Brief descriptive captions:
▼

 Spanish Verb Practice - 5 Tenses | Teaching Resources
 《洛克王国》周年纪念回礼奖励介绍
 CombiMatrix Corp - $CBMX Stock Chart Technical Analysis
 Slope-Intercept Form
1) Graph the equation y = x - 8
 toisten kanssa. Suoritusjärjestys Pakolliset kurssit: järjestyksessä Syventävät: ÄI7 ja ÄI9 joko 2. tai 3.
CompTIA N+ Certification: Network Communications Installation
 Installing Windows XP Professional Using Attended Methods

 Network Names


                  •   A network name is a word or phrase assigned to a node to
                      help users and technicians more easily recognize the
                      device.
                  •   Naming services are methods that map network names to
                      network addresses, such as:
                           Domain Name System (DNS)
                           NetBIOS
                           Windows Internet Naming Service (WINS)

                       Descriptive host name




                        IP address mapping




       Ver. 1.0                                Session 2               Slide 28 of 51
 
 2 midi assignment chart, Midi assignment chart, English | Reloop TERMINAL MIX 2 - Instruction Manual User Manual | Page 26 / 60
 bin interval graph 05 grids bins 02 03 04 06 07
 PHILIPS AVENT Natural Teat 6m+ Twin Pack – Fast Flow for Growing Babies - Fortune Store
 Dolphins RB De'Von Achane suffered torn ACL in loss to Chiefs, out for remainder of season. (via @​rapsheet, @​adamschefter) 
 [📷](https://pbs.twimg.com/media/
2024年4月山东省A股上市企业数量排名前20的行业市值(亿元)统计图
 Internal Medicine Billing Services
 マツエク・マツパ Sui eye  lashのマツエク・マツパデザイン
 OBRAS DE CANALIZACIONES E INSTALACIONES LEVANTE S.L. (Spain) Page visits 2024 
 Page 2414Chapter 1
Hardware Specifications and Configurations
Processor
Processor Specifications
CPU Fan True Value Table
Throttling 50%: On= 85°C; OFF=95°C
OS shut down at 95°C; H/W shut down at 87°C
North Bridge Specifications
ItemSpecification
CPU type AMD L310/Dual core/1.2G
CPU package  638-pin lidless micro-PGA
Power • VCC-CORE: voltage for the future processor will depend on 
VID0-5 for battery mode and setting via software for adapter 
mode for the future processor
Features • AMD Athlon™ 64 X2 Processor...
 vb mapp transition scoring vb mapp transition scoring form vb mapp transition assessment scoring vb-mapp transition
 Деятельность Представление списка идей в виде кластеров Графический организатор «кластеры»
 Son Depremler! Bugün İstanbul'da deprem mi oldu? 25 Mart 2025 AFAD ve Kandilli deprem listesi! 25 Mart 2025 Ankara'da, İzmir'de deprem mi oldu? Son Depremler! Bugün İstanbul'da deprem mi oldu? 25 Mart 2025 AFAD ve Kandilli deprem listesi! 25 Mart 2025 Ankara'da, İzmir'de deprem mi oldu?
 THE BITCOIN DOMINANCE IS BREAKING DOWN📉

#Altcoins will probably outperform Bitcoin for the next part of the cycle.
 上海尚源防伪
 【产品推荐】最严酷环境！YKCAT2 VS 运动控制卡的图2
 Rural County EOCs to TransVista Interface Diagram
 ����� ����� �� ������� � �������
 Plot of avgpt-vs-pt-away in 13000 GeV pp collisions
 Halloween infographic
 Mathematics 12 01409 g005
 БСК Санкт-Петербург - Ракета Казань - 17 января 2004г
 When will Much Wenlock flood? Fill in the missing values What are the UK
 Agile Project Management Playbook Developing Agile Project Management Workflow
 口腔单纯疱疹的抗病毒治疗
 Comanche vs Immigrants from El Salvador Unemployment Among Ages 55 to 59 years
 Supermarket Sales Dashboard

▲

# WORK INSTRUCTION
Find the word "Specifications" in the entries above. Copy every line that has it.

# EXERCISE RESULT
Hardware Specifications and Configurations
Processor Specifications
North Bridge Specifications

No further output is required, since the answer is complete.